An it's with a heavy heart though that I must inform, there will be no Green Bucket in this thread. Sadly, the Green Bucket has been relegated to vehicle-washing duties and has been tainted with soap residue and as such has been demoted to living in the shed with an old, musty cloth as its only company. 

Let's move on. 

_*A Simple Single Decoction Mash for a Bohemian Pilsner.*_

If you know about decoction mashing then you might as well skip this bit, but if you don't, here's what decoction mashing is: 

_Taking some of the mash out, boiling the shit out of it, and adding it back to the mash._

That's pretty much it. That, and when you return the boiling mash part back into the mash ... it's going to raise the temperature of the mash. This is a handy thing.

There are long, involved decoction mashing techniques, and they would suit a thread called Advanced Stovetop Techniques, but this isn't that thread - so we'll do a single decoction because it's easy, and achieves what we're after - 1. changing the flavour slightly 2. changing the colour slightly 3. creating more head retention and 4. upping our efficiency.

Here's a bloody graph.

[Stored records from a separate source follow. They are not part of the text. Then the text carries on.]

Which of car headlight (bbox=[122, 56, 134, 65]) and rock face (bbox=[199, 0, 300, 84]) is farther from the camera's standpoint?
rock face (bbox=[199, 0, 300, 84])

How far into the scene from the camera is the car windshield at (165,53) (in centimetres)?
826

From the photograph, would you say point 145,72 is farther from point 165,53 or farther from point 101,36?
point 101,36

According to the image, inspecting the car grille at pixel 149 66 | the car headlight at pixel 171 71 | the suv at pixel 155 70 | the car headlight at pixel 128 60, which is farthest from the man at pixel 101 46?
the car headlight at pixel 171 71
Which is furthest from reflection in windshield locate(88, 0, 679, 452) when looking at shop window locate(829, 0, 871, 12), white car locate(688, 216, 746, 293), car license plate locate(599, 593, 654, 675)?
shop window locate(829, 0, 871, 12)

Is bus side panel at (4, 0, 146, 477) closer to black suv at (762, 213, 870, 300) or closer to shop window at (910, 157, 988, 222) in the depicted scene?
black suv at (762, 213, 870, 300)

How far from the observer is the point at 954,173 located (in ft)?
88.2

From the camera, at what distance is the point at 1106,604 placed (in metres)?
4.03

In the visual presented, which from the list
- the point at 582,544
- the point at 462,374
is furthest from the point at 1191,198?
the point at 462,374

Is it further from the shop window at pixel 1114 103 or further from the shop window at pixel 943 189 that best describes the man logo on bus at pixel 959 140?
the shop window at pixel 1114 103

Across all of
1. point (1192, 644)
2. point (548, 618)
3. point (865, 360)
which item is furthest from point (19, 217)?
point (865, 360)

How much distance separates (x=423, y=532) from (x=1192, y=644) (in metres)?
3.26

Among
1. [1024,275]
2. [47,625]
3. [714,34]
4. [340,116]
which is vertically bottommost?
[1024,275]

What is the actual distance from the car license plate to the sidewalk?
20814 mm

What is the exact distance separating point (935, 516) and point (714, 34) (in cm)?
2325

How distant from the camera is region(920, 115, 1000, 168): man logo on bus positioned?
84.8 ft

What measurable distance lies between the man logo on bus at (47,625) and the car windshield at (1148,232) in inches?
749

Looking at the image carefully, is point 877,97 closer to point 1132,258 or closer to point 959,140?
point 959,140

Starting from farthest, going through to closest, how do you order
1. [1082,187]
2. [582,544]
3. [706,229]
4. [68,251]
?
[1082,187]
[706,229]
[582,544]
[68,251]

At least it's not an equation, but it's handy to describe what is being done.







As you can see, at the start we'll have a short protein rest, then we add some boiling water to bring it up to the sacc rest (the normal mash), then after 45 (I do 60) minutes we scoop a bunch of the mash out and boil the crap out of it - pour it back in the pot, and pull the bag out. Easy. 

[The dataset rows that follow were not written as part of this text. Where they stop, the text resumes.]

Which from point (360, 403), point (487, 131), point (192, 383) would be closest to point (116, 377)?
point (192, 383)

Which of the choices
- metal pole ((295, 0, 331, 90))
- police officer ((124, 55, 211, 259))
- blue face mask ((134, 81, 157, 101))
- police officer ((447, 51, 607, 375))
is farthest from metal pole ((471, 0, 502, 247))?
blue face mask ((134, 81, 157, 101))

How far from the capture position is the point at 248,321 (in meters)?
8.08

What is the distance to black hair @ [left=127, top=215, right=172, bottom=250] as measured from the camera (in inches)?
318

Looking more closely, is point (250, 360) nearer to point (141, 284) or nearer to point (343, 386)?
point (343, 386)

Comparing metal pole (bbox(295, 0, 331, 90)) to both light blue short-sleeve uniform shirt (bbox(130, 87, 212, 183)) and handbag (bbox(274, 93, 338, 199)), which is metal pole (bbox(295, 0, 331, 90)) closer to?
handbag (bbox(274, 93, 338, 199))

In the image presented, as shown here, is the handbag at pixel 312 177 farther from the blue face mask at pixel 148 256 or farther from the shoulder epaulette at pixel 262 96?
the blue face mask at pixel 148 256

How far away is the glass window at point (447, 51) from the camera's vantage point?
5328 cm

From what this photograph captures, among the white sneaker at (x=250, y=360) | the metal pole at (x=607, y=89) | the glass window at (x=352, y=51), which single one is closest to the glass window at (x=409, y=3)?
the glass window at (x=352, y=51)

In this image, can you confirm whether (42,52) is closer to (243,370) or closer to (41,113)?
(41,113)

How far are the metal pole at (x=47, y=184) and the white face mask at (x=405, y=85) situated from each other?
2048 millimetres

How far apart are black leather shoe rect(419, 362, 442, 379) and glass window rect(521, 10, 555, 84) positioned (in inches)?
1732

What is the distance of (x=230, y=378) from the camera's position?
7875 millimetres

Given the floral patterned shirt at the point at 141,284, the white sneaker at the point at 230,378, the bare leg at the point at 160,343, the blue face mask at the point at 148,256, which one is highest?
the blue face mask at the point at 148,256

Enough typing. Time for pictures. Here's some grain.






This grain is a slightly different strain of pilsner grain, and you can really tell by it's flavour. When you drink a good Boh Pils, much of that flavour is actually the grain - I've made a few experimental Ales with it and it's quite incredible how strong-tasting this grain is. You need to get some to do this kind of beer justice.

Here's 3.5kg of it. That's the whole grain bill.






The recipe is:

19L
3.5kg Weyermann Bohemian Pilsner
32g Czech Saaz 60min
22g Czech Saaz 30min
17g Czech Saaz 15min


----------



## Nick JD (9/7/11)

Now we have the grain blitzed up, we need some water in the pot for our mash. Aiming for about 2.5L for every kg of grain we need 2.5 times 3.5 (kg), which is just about 9.

So in the 19L pot we need 9L of water.






The pot weights about 1.2kg, so I put that much water in it so it get to about 10kg. Those are the bathroom scales I use to monitor my beer belly's gestation period. It's nearly due.

Now, everyone knows about Strike Temperature now, and how to find a calculator online to work it out. When I plug my specifics into an online calculator it says I need 58C water so when I bung the grain in it'll be 52C, like on the graph you ignored. For the Protein Rest.






And whatdoyaknow ... chuck the grain in, give it a paddle ... and it worked! (Both those temp readings are slightly off because managing to take a photo with my left hand while trying to stop the lens fogging, and wiping the thermometer to see the red line is freakin' difficult). 






An Alarm is REALLY HANDY here. Sorry for the shouting, but it takes a big source of error out (wandering off to water the garden with a beer in hand and end up changing the mower's sparkplug).






Since this protein rest is such a short rest, I don't worry about insulating the pot.


----------



## Nick JD (9/7/11)

Barley Belly said:


> Did a cow shit on your scales???



It's years of Epoxy Resin, Polyester Resin and Polyurethane Foam. Not much gets into the beer.


----------



## Nick JD (9/7/11)

I got this Kettle years ago from one of the Mega stores. It was cheap and is bloody great - you can get it to go to any temperature within 5C. Here's it's set to 95C just to show how it works ... but it's set to boiling, I put it to 95 because boiling is a squiggle, and that means shit in the photo.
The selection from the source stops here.